Il convient aussi de noter que Hauriou a parlé de deux types fondamentaux d'institutions : les institutions-personnes ou les 'corps constitués', c'est-à-dire les états, associations, syndicats, etc. qui sont engendrés par 'un principe d'action'; et les institutions-choses, comme une règle du droit qui n'engendre pas un corps social, et qui n'est qu' 'un principe de limitation'. Toutefois, il ne développe pas sa pensée par rapport à cette deuxième catégorie. En effet, sa théorie de l'institution telle qu'il la développe se limite à une théorie de l'institution-personne. Cette dernière, comporte une vaste gamme de corps constitués. En plus des états, associations, syndicats, etc., Hauriou mentionne aussi parmi ses exemples 'l'institution de l'Église chrétienne', ce qui montre bien la pertinence de sa conception et sa conviction personnelle que sa théorie s'applique à l'Église.

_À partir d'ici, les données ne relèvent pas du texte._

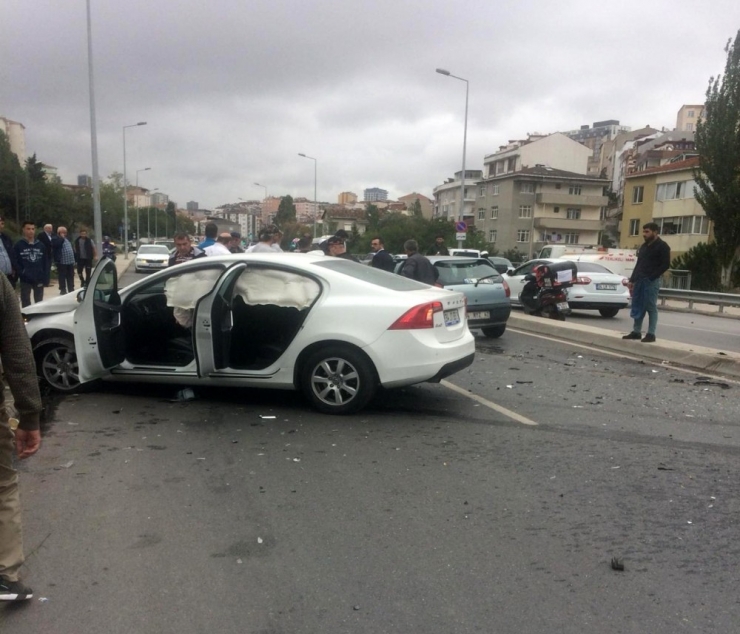 Ataşehir’de İki Araç Birbirine Girdi: 2 Yaralı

Une institution-personne se trouve dans le fait que le pouvoir organisé et les manifestations de communion des membres du groupe s'intériorisent dans le cadre de l'idée de l'œuvre. Ainsi, l'idée devient en quelque sorte le sujet de l'institution corporative. Il existe donc une subjectivité réelle qui constitue la base de la réalité de la personnalité morale de l'institution.

Avec la notion de l'idée, Hauriou pousse plus loin une notion de Léon Michoud qui avait parlé du centre d'intérêts autour duquel se construit la personnalité morale d'un organisme. A partir de là, Hauriou en arrive à parler en 1916 du groupe d'intéressés à l'idée de l'entreprise (Hauriou 1919, p. 124).

Pour Hauriou, l'idée de l'œuvre à réaliser est intérieure à l'entreprise parce qu'elle comporte un élément de plan d'action et d'organisation en vue de l'action'. En ce sens, la différence entre l'idée directrice et le but correspond à la différence entre 'le programme d'action et le résultat' visé. L'idée directrice est plus large que le but, comme l'idée de l'état dépasse celle du protectorat de la société civile nationale. De même, elle est plus que la fonction, parce que la fonction 'n'est que la part déjà réalisée ou du moins, déjà déterminée, de l'entreprise' tandis que l'idée directrice contient 'une part indéterminée et de virtuel qui porte au delà de la fonction. Donc, elle est l'objet de l'entreprise car 'c'est par elle (l'idée) et en elle que l'entreprise va s'objectiver et acquérir une individualité sociale. Ainsi, cette idée va vivre dans les mémoires et dans les subconscients de tous les individus concernés par l'entreprise. En ce sens, l'idée arrive à 'une vie objective' qui persiste dans le subconscient collectif.

De plus, pour qu'une institution se forme autour d'une idée, il faut aussi qu'elle trouve un milieu social réceptif pour sa propagation. Il est toujours possible que ce milieu rejette cette idée, ce qui rend impossible la naissance ou la survie d'une institution. Plus positivement, cependant, on note que cette nécessité d'une réception par le milieu social implique le besoin de préparer le terrain. Pour que l'idée d'une œuvre s'implante, il faut déblayer le terrain pour préparer son accueil.